Do the iterator invalidation rules mean thread safety? - c++

Here in this Stack Overflow answer it is listed the iterator invalidation rules for the standard containers in C++11.
Particularly, there are for insertion:
[multi]{set,map}: all iterators and references unaffected [23.2.4/9]
unordered_[multi]{set,map}: all iterators invalidated when rehashing occurs, but references unaffected [23.2.5/8]. Rehashing does not occur if the insertion does not cause the container's size to exceed z * B where z is the maximum load factor and B the current number of buckets. [23.2.5/14]
erasure:
[multi]{set,map} and unordered_[multi]{set,map}: only iterators and references to the erased elements are invalidated
Do these rules mean I can safely do insertion and erasure in one thread, and safely in another thread access, look for (using find) elements as long as these elements are not the ones being inserted and erased in the first thread, and make sure that rehashing is not happening?
If not, what do these rules exactly mean?

The fact that iterators to elements of the container are not invalidated in no way implies thread safety on the container itself. For example, the size member variable would need to be modified atomically which is a totally separate issue from iterators being invalidated (or not) on insertion/deletion.
tl;dr; No.
These rules simply tell you when an iterator to an element is invalidated by an operation. For example, when a vector resizes, the underlying array is reallocated elsewhere so if you had an iterator (or pointer) to an element, it would no longer be valid after the resize (because it would be pointing to deleted elements of the old array).

There are two kinds of operations on C++ std containers. Reader and Writer operations (these are not the terms the standard uses, but this reads easier). In addition, there are operations on elements in the container.
A const method is a Reader method, as are "lookup" functions that are only non-const because they return a non-const reference to an element (or similar).

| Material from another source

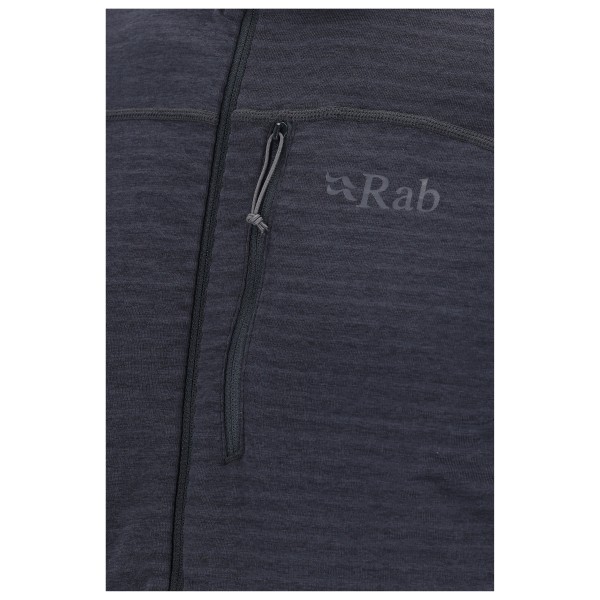 Rab - Ascendor Light Hoody - Veste polaire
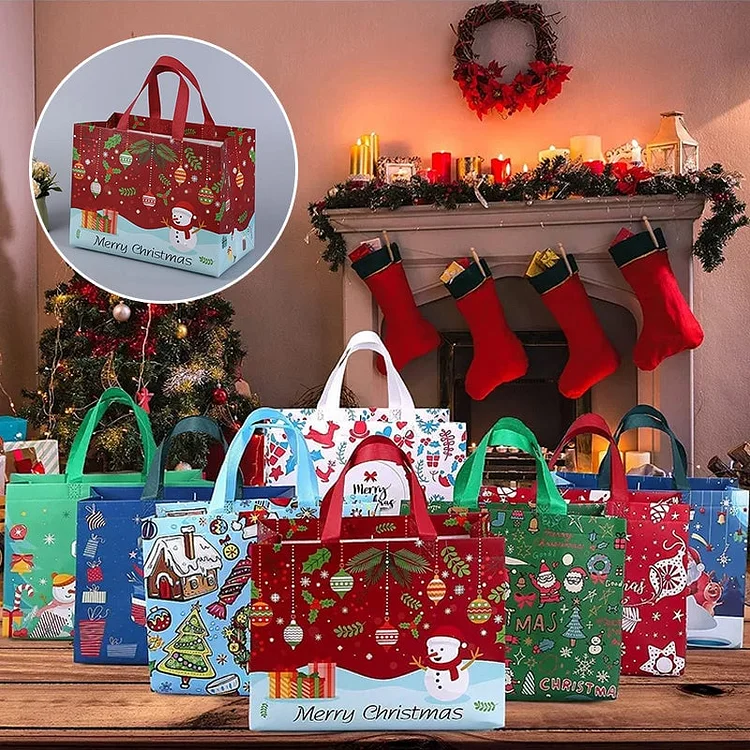 🔥Christmas Gift Bag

There is a complete list in the standard, but common sense should work. vector::operator[], begin(), map::find() are all "Readers". map::operator[] is not a "Reader".
You can have any number of threads engaging in Reader operations at the same time no problem.
If you have any thread engaged in a Writer operation, no other access can occur on the container.
You cannot safely have one Reader and one Writer at the same time. If you have any Writers, you must have excluded all other access.
You can safely have 1337 readers at once.
Operations on elements is somewhat similar, except that Writing to an element need only exclude other access to that element. And you are responsible for making your const method play nice with each other. (the std guarantees that the const methods of the container will only call const methods of the elements)
Note that changing sorting order in a std:: associative container is UB without modifying the container.
An iterator that is not invalidated, where you just operate on the element, will (I believe) count as operations on the element. Only synchronization on that element is required.
Note that std::vector<bool> does not follow the above rules.
If you violate the above rules, the C++ std library does not stop you. It just states there is a race condition -- aka, undefined behavior. Anything can happen. In C++ std library, if you don't need something, you don't pay for it: and a single-threaded use of those containers would not need the weight of synchronization. So you don't get it by default.
A std::shared_timed_mutex or std::experimental::shared_mutex can both be useful to guarantee the above holds. unique_lock for Writing, and shared_lock for Reading. Write access to elements has to be shared_locked on the container guarded, and somehow guarded against overlapping access to the same element without deadlock.
Iterator invalidation rules are relatively orthogonal to the thread-safety rules.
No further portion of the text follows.